This Senior Software Engineer position within AI Operations focuses on designing, building, and maintaining complex systems that enable alert ingestion, correlation, automation, and operational intelligence at scale. The role is hands-on and technical, with opportunities to influence platform architecture and contribute to AI-adjacent projects across operational environments. Technologies include machine learning, data engineering, AI, and GENAI in supporting GST.
Responsibilities
* Work as a full-stack software engineer, coding, developing, and testing applications using Golang and Python across service, API, and automation layers.
* Lead the development and implementation of the AI Operations platform, driving AI-enabled software solutions for alert ingestion, correlation, automation, and operational workflows.

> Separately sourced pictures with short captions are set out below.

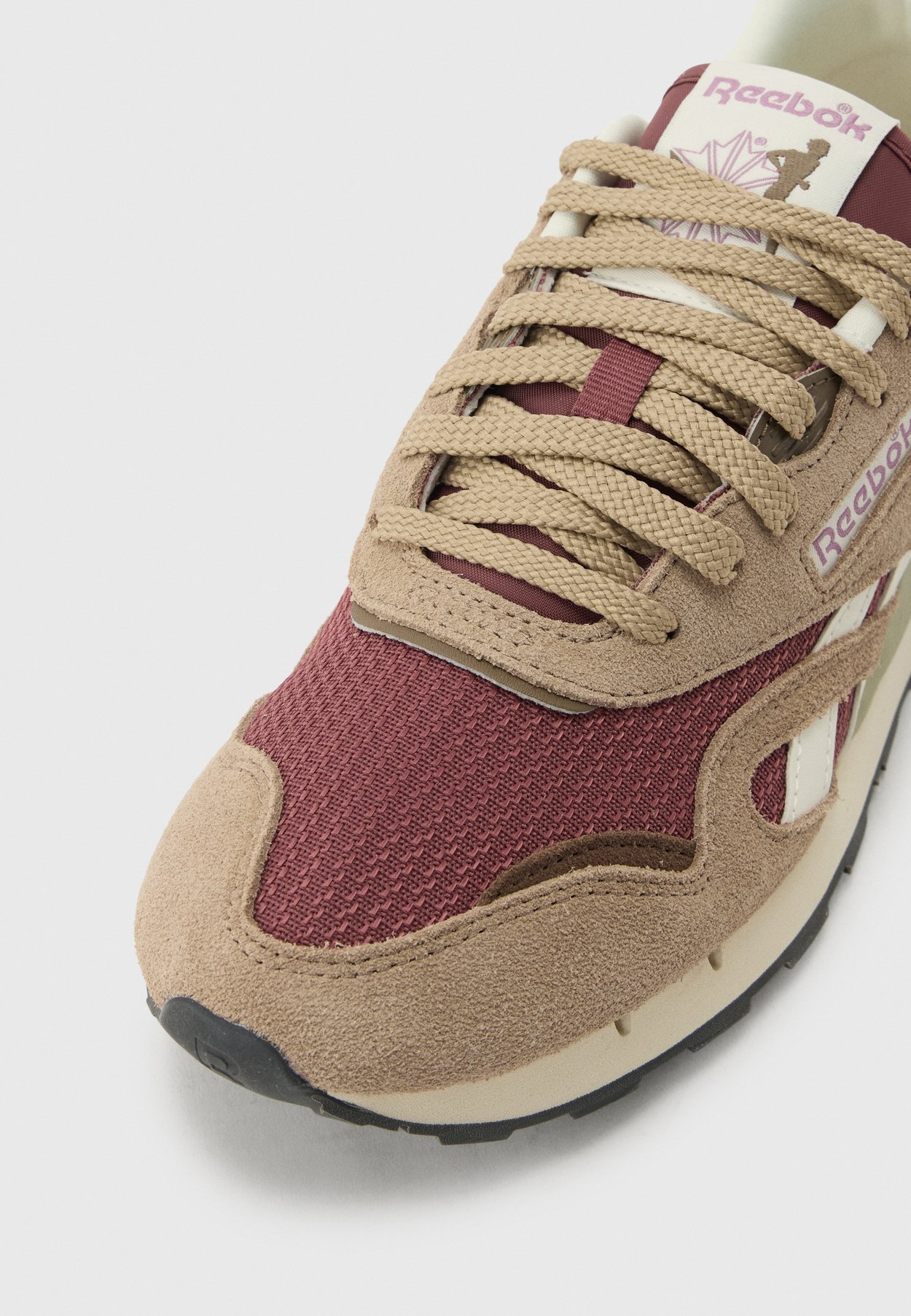 CLASSIC 89 UNISEX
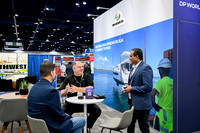 021 Breakbulk Americas 2025 Houston_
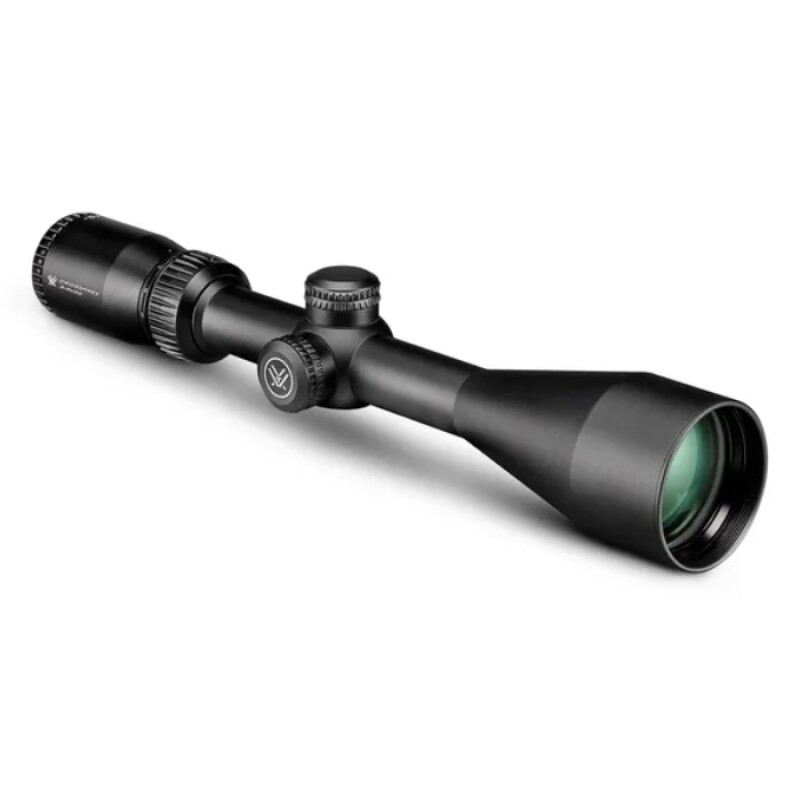 Mira Telescópica Vortex Cross Fire II 3-9X50 Mira Telescópica Vortex Cross Fire II 3-9X50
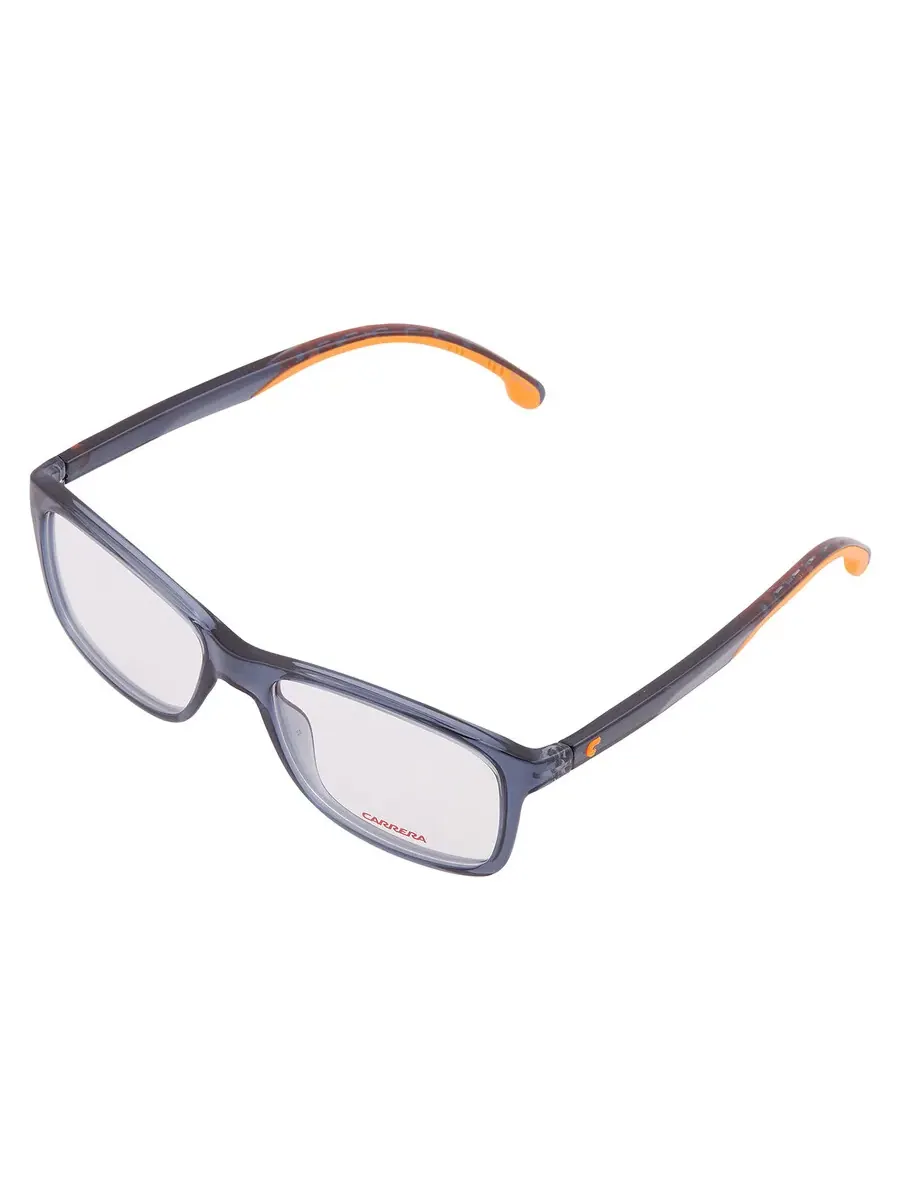 Демонстрационные прямоугольные очки унисекс Carrera CARRERA 8880 0PJP 54 — 3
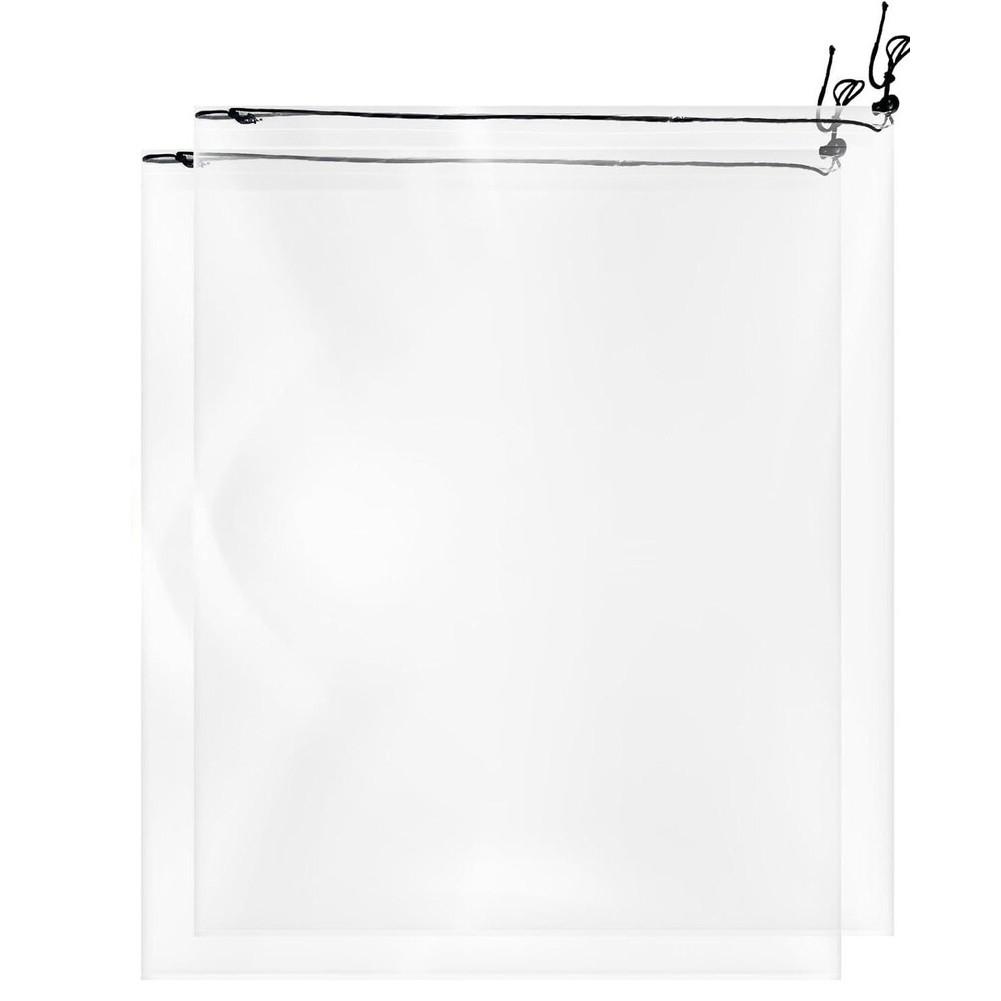 Garden Protection PE Greenhouse Film Plant Film Cover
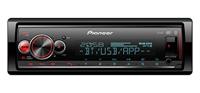 Autoradio Pioneer MVH-S520DAB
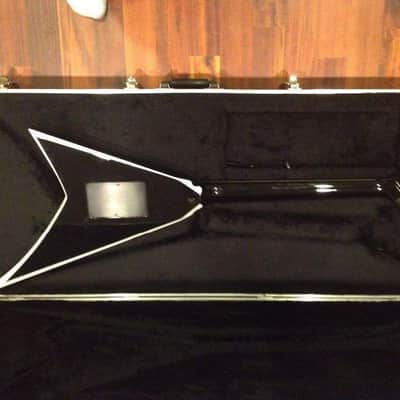 Jackson Series RR1 Rhoads 2000 image 3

* Design, build, and operate software and automated testing frameworks on AWS, including unit tests, integration tests, API tests, and environment-based validation.
* Document and maintain design specifications, configuration, deployment processes, and troubleshooting runbooks.
* Train, mentor, and oversee development team members through code reviews, design walkthroughs, and technical guidance.
* Identify and implement solutions for critical challenges involving software and hardware interfaces, performance bottlenecks, and reliability issues.
* Deliver full-stack software development using continuous improvement techniques and automation, identifying root causes and resolving issues within distributed systems.
* Develop strong cross-functional relationships with leaders, product owners, engineers, programmers, and QA to contribute to planning, delivery, and operational support.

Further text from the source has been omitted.